In this case a bill was introduced and passed in the House entitled: "An act to amend an act entitled 'An act to incorporate the Illinois Grand Trunk Railway.'"

The message from the House to the Senate informed the latter body that the House had passed the bill entitled:

"An act to amend an act entitled 'An act to incorporate the Grand Trunk Railway.'"

It will be observed that the word 'Illinois' was omitted. The bill was referred to a standing committee which committee when it reported the measure out inserted in the title the word 'Illinois. The next day the Senate passed the bill with the same title except that the word 'Illinois' was again omitted therefrom. The bill was then returned by the Senate to the House and was finally enrolled with the title:

"An act to amend an act to incorporate the Illinois Grand Trunk Railway,"

which was approved and signed by the Governor.

It was contended that the act in question was unconstitutional for the reason that it had not been properly passed. It was held that the omission of the word Illinois' was a mere clerical error which

could deceive or mislead no one and that this did not furnish a sufficient ground for holding the act invalid.

In People v.
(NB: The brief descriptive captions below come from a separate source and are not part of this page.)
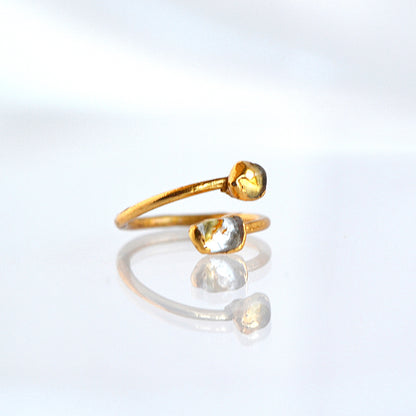 Regulowany Pierścionek z Cytrynem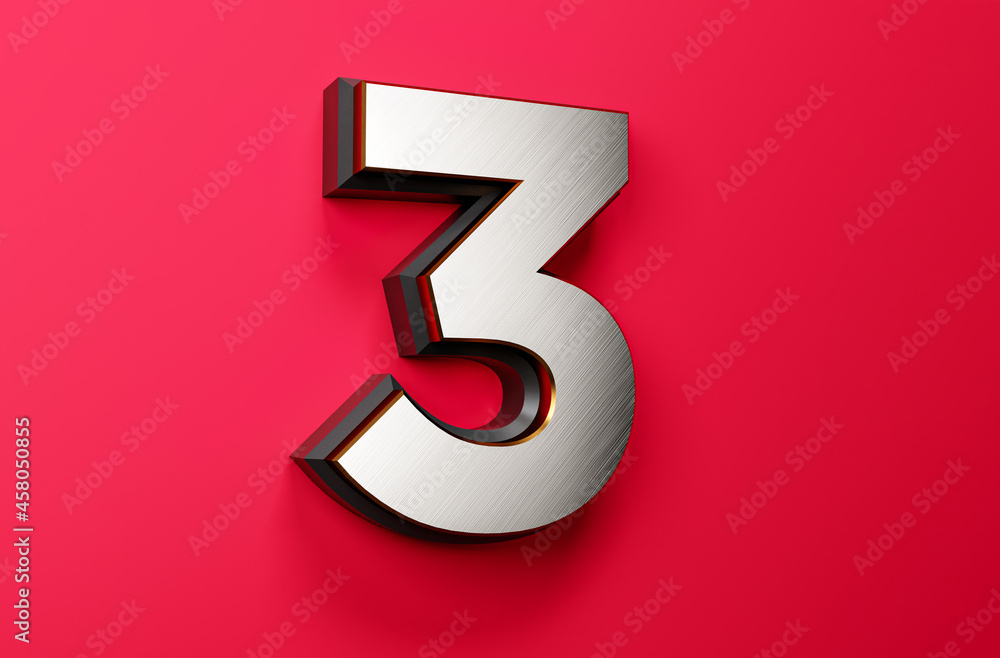 Poster 3 no digit white silver foil numbers black border set on a red background in 3d rendering count
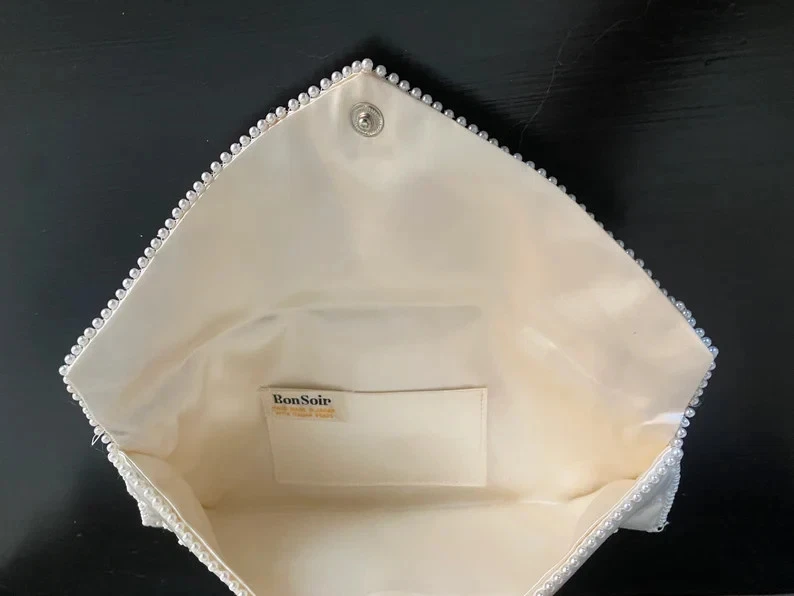 1940's Bon Soir White Beaded Envelope Clutch Evening Bag with Italian Beads - Image 2 of 4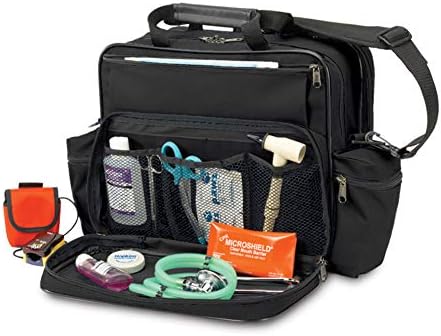Hopkins Medical Products Mini Home Health Shoulder Bag, 600D Waterproof Material, Fold-Down Compartment For Optimal Organization, Adjustable Straps, Black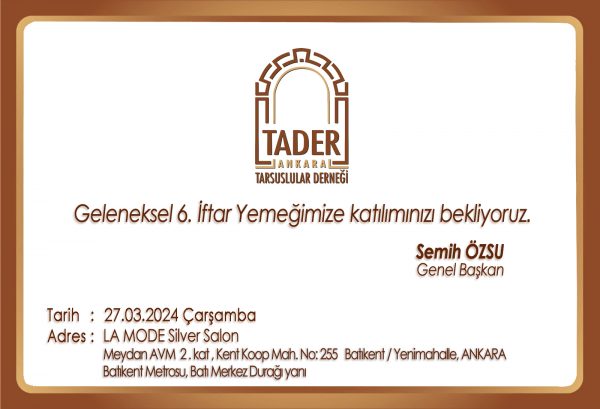 TADER İFTAR Davetiye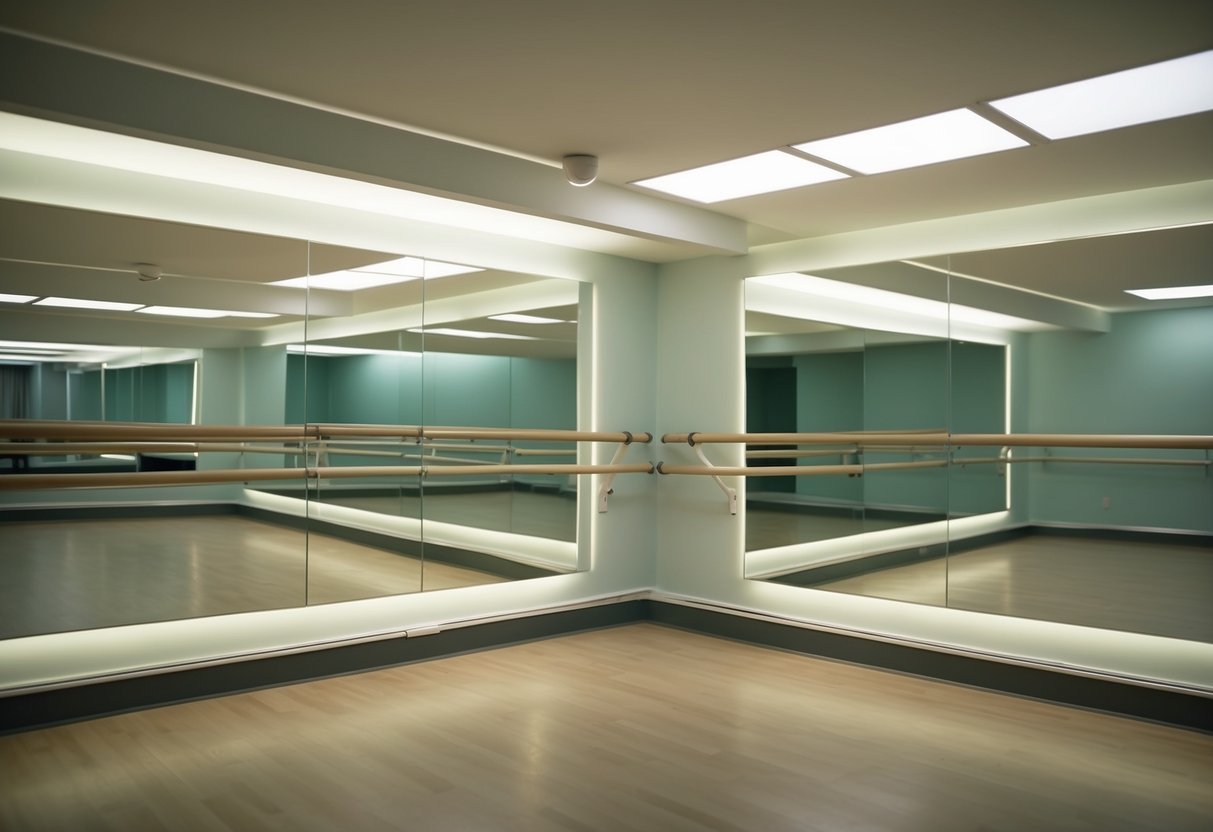 A serene studio with a ballet barre, soft lighting, and mirrors reflecting the peaceful atmosphere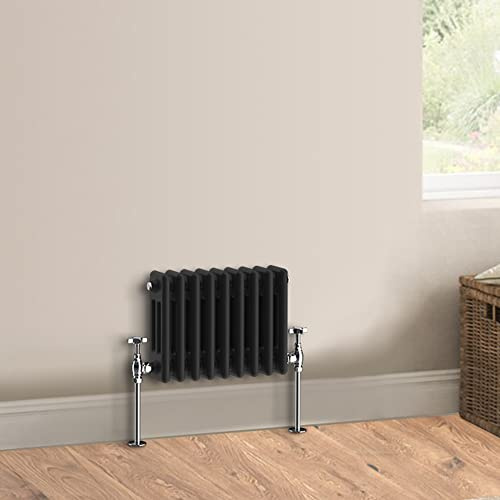 Warmehaus Cast Iron Style Black 3 Column Horizontal Radiator 300 x 427mm | Perfect for Bathrooms Kitchen Living Room, Traditional Radiators, Designer Wall Mounted Column Radiator, Durable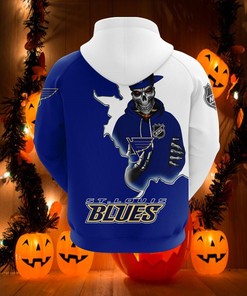 St Louis Blues Skull All Over Print Hoodie - 3D Gifts For Fans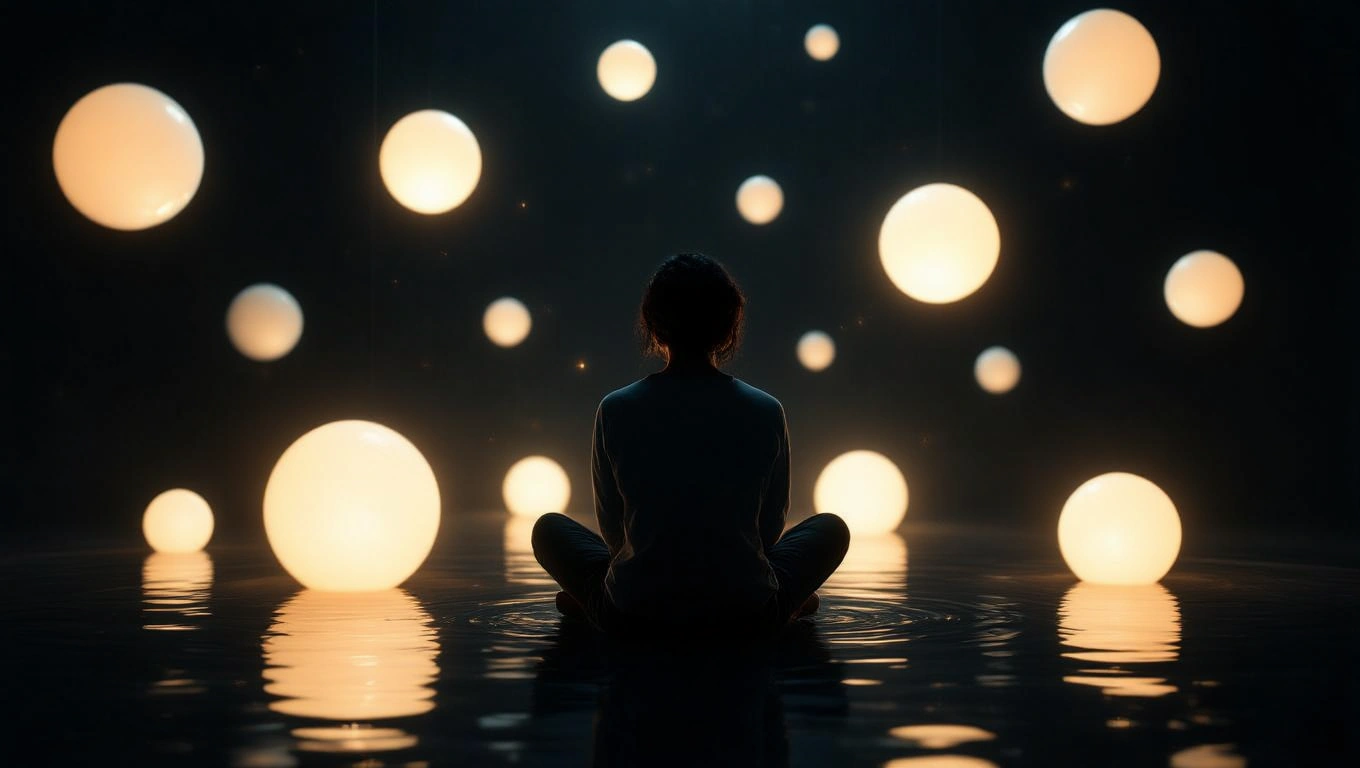 Eine Person sitzt meditierend im Wasser, umgeben von schwebenden, leuchtenden Kugeln.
Supervisor, 16 Mich., 253,

the law there considered, authorized the levying and collection of a certain bounty tax.' In engrossing the bill after its passage by the two Houses a clerical error was made and the word 'county' was inserted for 'bounty' and the bill was submitted to and signed by the Governor with this mistake in the entitling. In commenting upon this error Judge Cooley said:

"I am not prepared to say that an act of the legislature can be valid which, as engrossed for the signature of the governor, would be void if passed by the legislature in that form. A law must have the concurrence of the three branches of the legislative department; and if it differs in an essential particular, when presented to the governor for his signature, from the bill passed by the two houses, there is difficulty in saying that it has been concurred in by all: Prescott v. Trustees Illinois & Michigan Canal, 19 Ill., 324. And, under our constitution, the title is not only important, but it is absolutely made to control, so that I do not see how any important change in the title can be said to be immaterial." 16 Mich., 256, 257.

However the error was held not fatal to the act by Judges Campbell and Christiancy who sat in the case.
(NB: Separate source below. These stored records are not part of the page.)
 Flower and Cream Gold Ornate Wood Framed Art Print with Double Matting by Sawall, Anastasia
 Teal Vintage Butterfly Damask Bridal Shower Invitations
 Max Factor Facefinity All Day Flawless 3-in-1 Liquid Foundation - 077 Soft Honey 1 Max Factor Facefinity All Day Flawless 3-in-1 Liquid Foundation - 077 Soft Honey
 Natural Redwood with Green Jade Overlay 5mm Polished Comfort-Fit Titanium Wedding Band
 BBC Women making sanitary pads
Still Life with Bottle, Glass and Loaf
In Stow v. Grand Rapids, 79 Mich., 595,

it appears that the clerk affixed an immediate effect clause to a bill after its passage by the Legislature, although the bill had not been ordered to take immediate effect by the Legislature. The bill presented to the Governor and signed by him contained this clause. It was held that this clause was no part of the bill itself and that the unauthorized addition of same by the clerk would not operate to destroy the validity of the enactment.
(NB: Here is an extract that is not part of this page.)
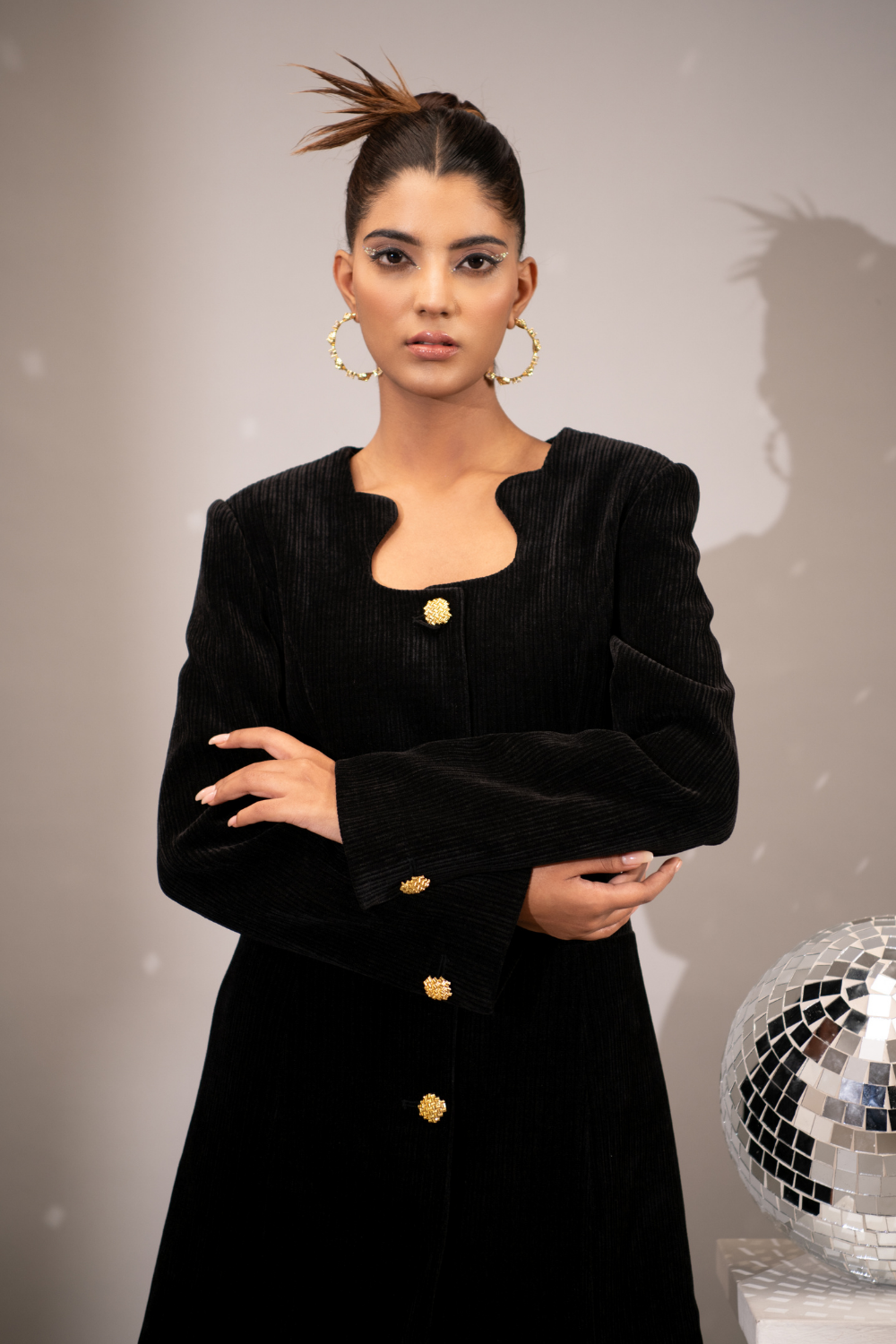 Embossed Velvet Dress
The title of the act considered in that case reads as follows:

"An act to amend section 4 of Act No. 282 of the Local Acts of 1877 entitled" etc.

The bill passed the Legislature and was presented to the Governor in that form. The figures 1877 should have been 1887 and when the bill was returned by the Governor the title had been corrected by some one outside of the Legislature. The court held that the change of the figures was simply the correction of a clerical error which did not invalidate the act.

Again in

People v. Dettenthaler, 118 Mich., 595,

it was held that where an enacting clause, which was not a part of the act as passed by the Legislature, was supplied by the clerk before the bill was presented for the Governor's signature that the signing of same by the Governor would not constitute the bill a valid law.

In Warner v. Foote, 41 Minn., 492,

it was claimed that four words were contained in the bill which passed the Legislature but were omitted from the enrolled bill which was signed by the Governor. The court held the statute valid on the ground that the omission was immaterial and that it changed neither the substance nor the legal effect of the statute.